And that said: another year I came down to Potes the day before that Friday and could find nothing so took a bus to the coast. The friendly woman in the Turismo in Llanes actually giggled when I asked if she could help me find a room. I did, at €:eek: a night.

I hate the regime of booking ahead. For that reason alone I avoid rural Spain in Semana Santa. Well, to be honest it's 'cos my old bones can't cope with a night in a church porch or an Invierno anymore, though I like to think its because I want to avoid inconveniencing mamá.
 
Faye, I can't speak directly to your itinerary but I can relate to Semana Santa and deep rural Spain. For many years I hiked the Picos de Europa in March & April. The audit year had finished and I was permitted two or even three weeks continuous leave. My trips frequently coincided with Semana Santa. One of the things I learnt were just how many of those young people who had left their rural villages to work in Bilbao, Santander, Gijon, Madrid, came home to mamá for Easter. And brought their young families with them. The result was that accommodation was not booked-out but was simply not available. The local Fondas & Hostales were not taking paying customers. They were full of family. One night, Black Friday, in La Hermida I was offered the opportunity to sleep in the back of an estate car (station wagon) once the family had unpacked their luggage & kids. All of which is to say that if you decide to head for the Olivado take a bivvy and a warm sleeping bag.
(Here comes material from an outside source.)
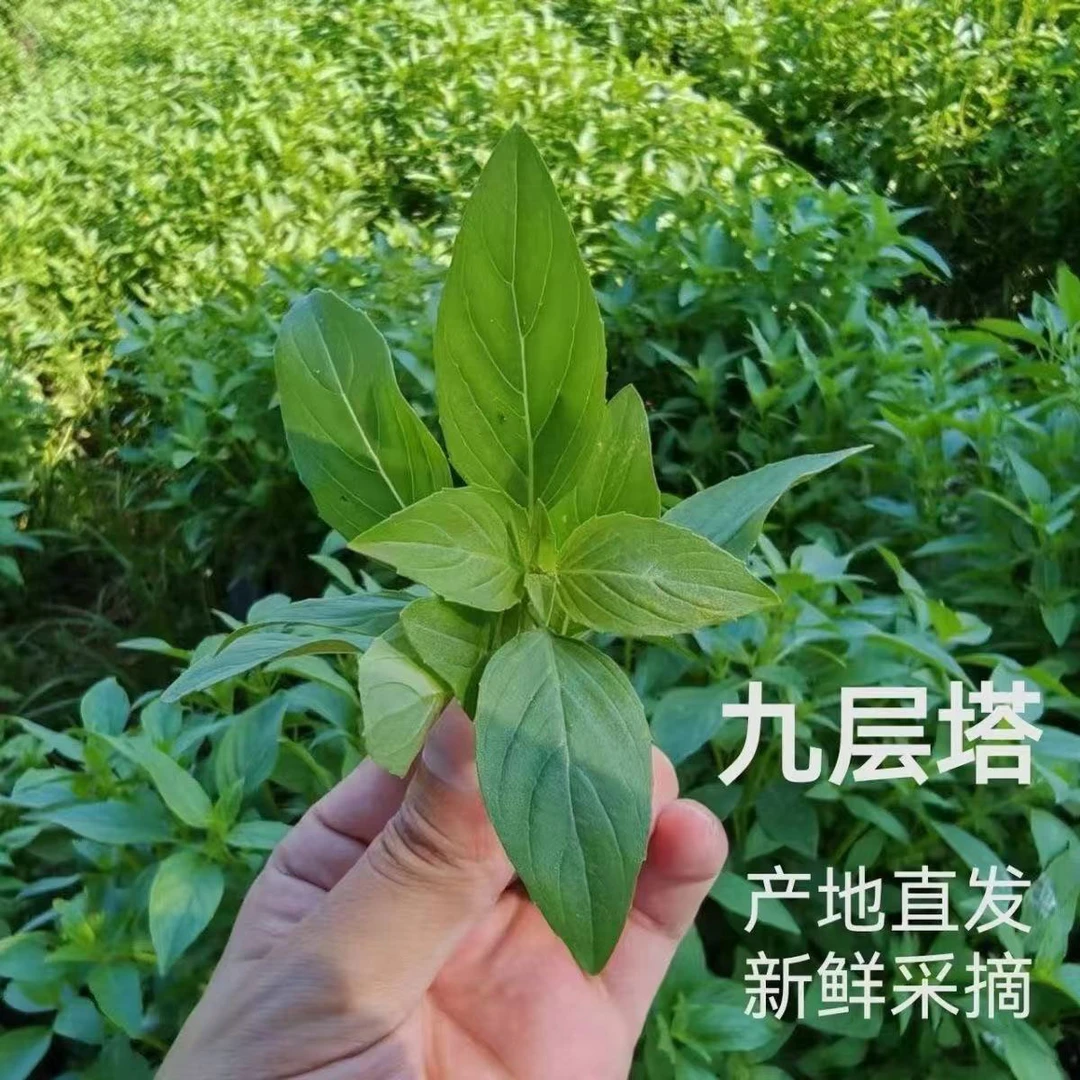 潮汕九层塔金不换罗勒海鲜配菜三杯鸡食材可吃新鲜采摘直发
And that said: another year I came down to Potes the day before that Friday and could find nothing so took a bus to the coast. The friendly woman in the Turismo in Llanes actually giggled when I asked if she could help me find a room. I did, at €:eek: a night.

I hate the regime of booking ahead. For that reason alone I avoid rural Spain in Semana Santa. Well, to be honest it's 'cos my old bones can't cope with a night in a church porch or an Invierno anymore, though I like to think its because I want to avoid inconveniencing mamá.
I don't like booking ahead either because it locks my feet into distances I might regret. OTOH... I did Arzua to SdC in one day because we had not been able to find any place to sleep in the little villages before Arzua (Ribadiseo something something?) so one can get locked in because one has *not* secured anything either.

But it sounds, @Tincatinker like you are suggesting that my Norte plans are less precarious than my Olvidado hopes... Yes?

With arthritis in 3 regions of my spine now, I'm a little disinclined to sleep on the church steps myself...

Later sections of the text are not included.